With the pictures omitted, please transcribe exactly the lines beginning at the one that contains "Jean Fautrier, Catalogue, 1943" and ending with the last line of the records below.

Extracted records
==========
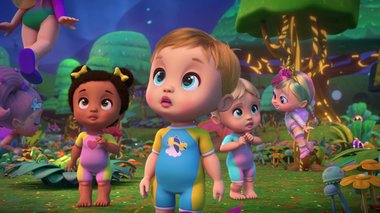 S02 E02 : Bienvenue dans le monde des Fairies — Bloopies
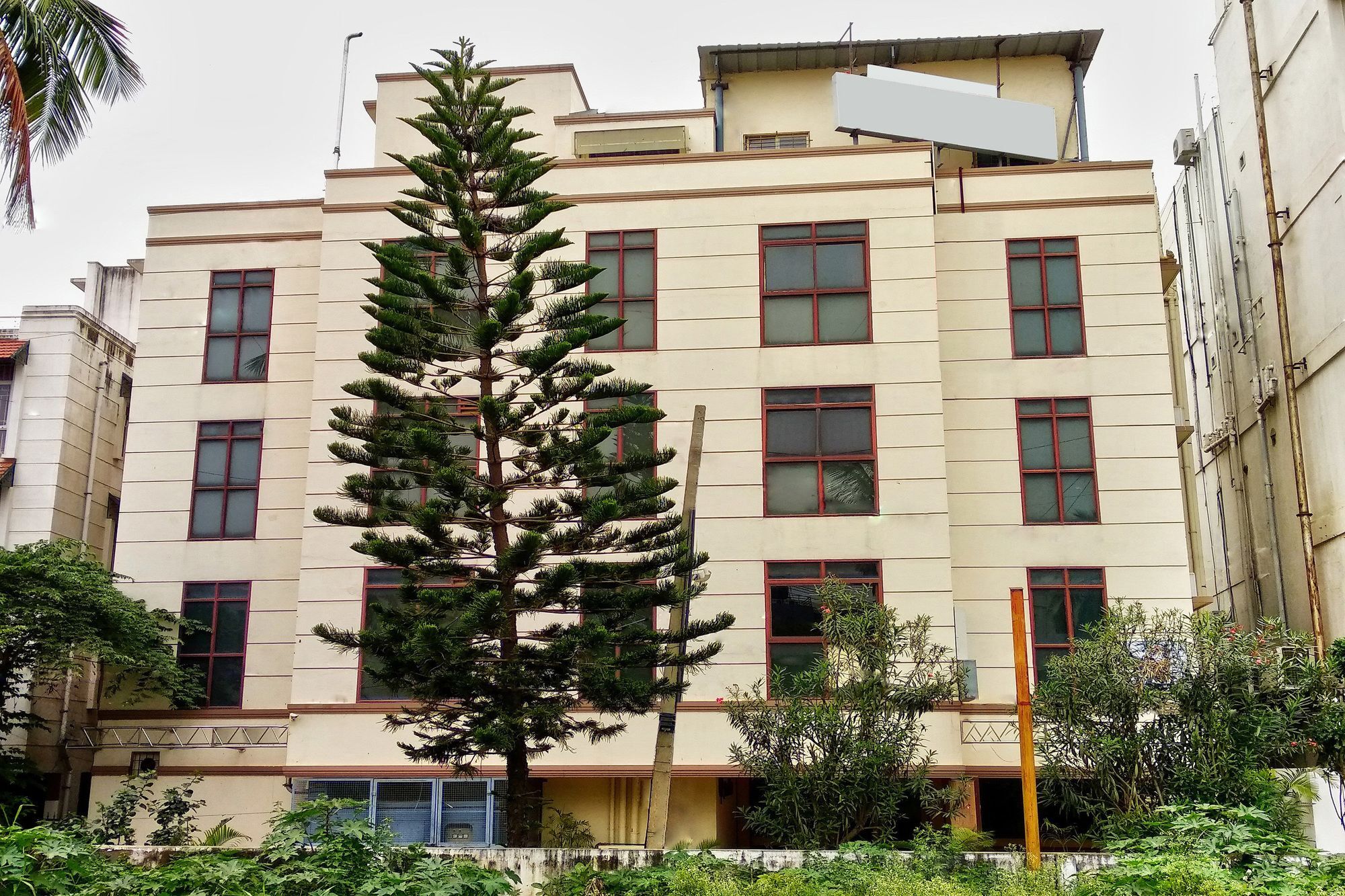 Oyo 539 Hotel Pearl Inn 班加罗尔 外观 照片
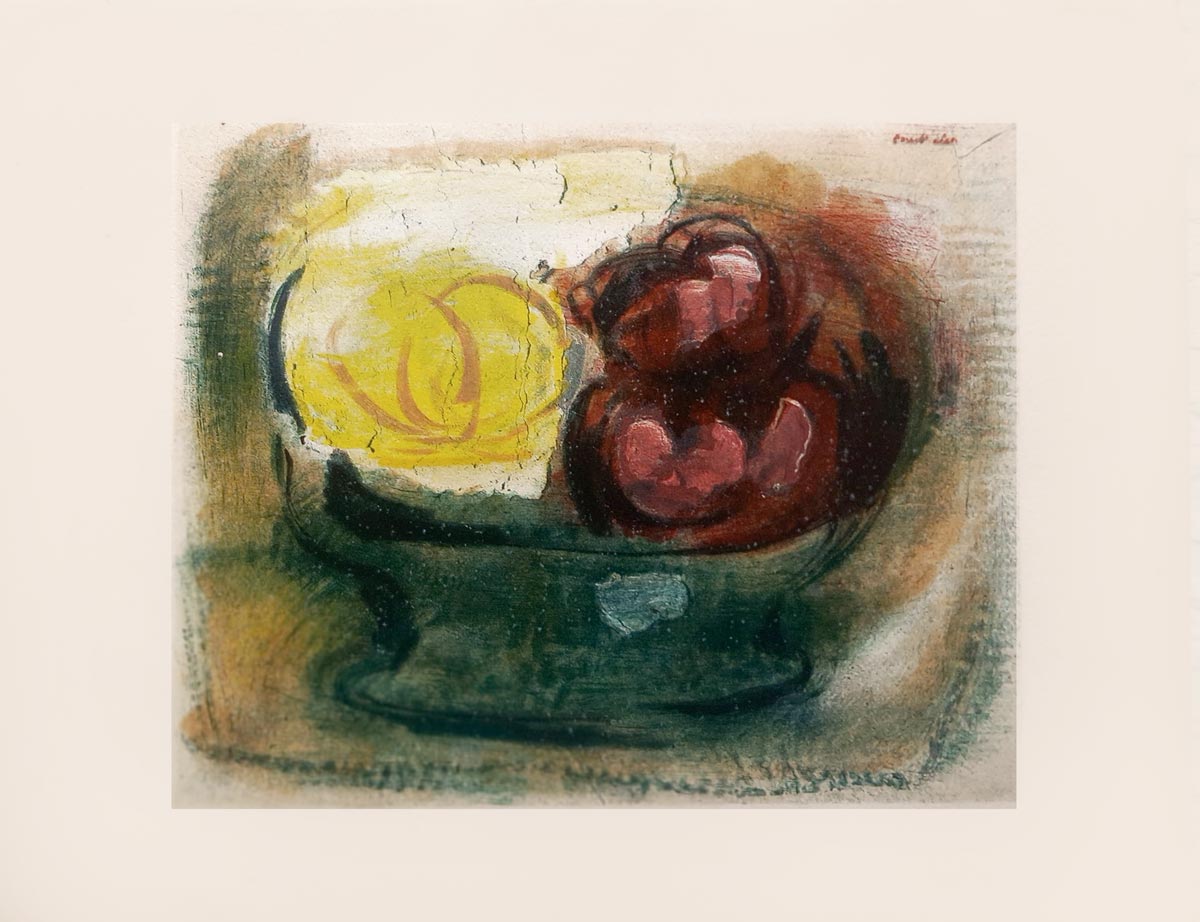 Jean Fautrier, Catalogue, 1943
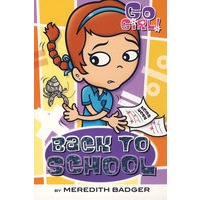 Go Girl！ 12： Back to School 女孩加油 12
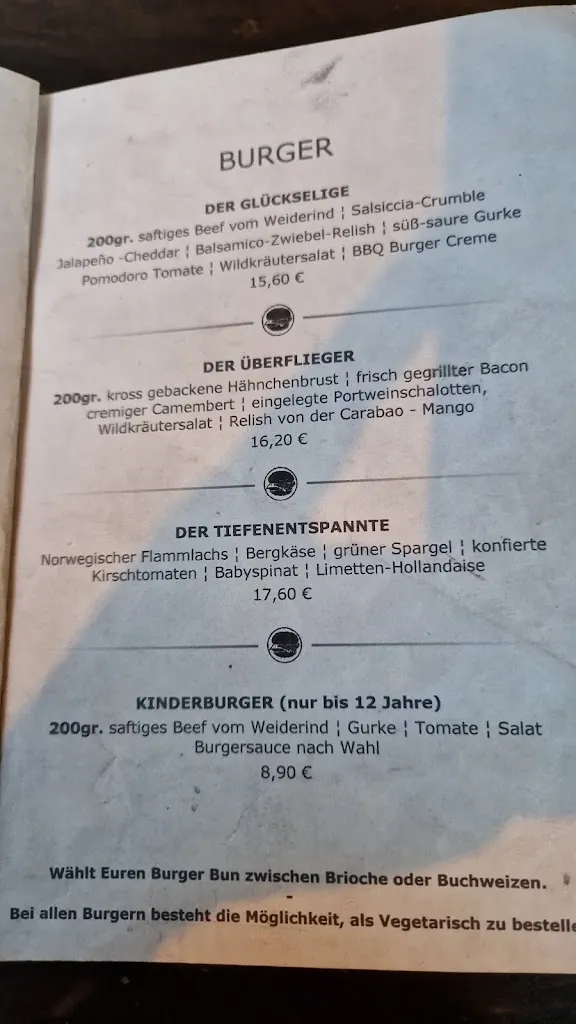 Menu_Restaurant Kevelaer - Herr Lehmann_Kevelaer_image_1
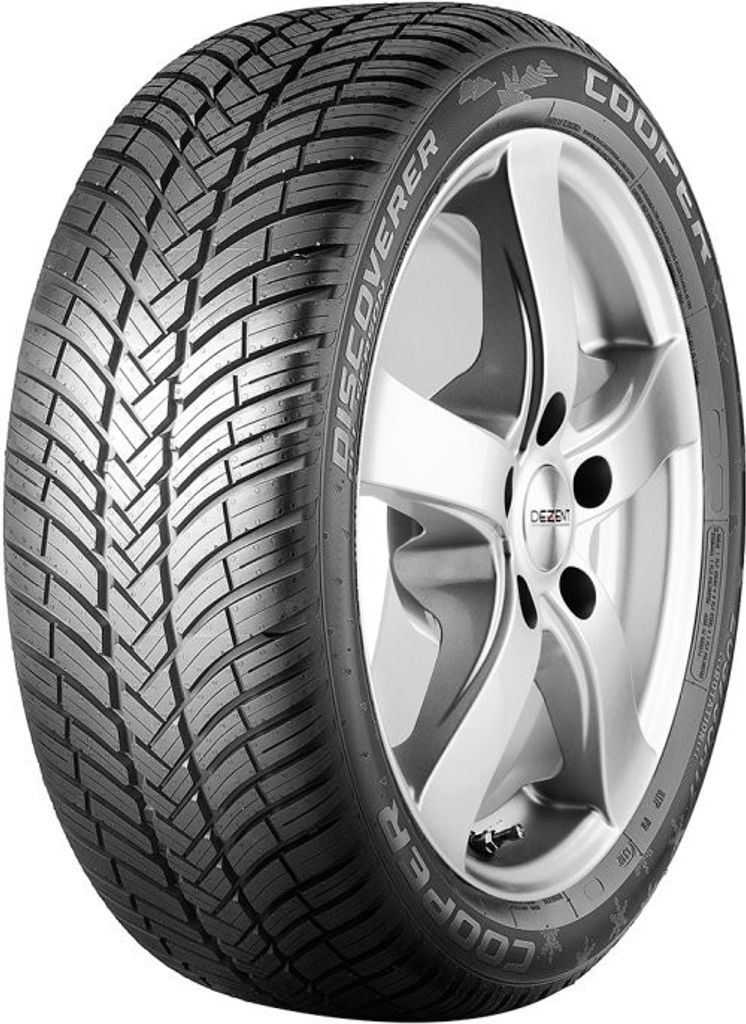 Cooper Discoverer All Season 185/60R15 88V Xl
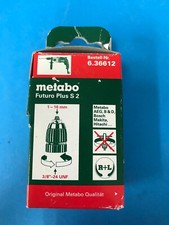 Metabo bohrfutter futuro gebraucht kaufen  Braunschweig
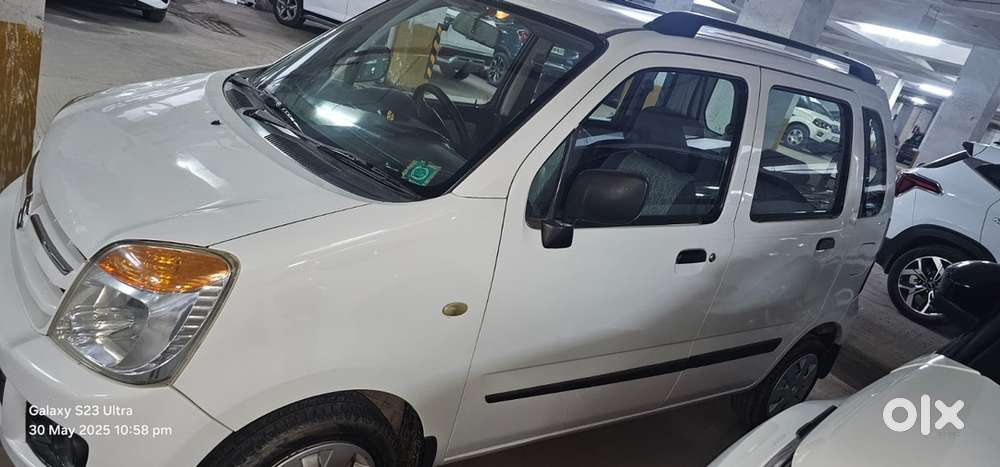 Maruti Suzuki Wagon R Petrol Well Maintained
==========
_Written reply_:
 Jean Fautrier, Catalogue, 1943
 Go Girl！ 12： Back to School 女孩加油 12
 Menu_Restaurant Kevelaer - Herr Lehmann_Kevelaer_image_1
 Cooper Discoverer All Season 185/60R15 88V Xl
 Metabo bohrfutter futuro gebraucht kaufen  Braunschweig
 Maruti Suzuki Wagon R Petrol Well Maintained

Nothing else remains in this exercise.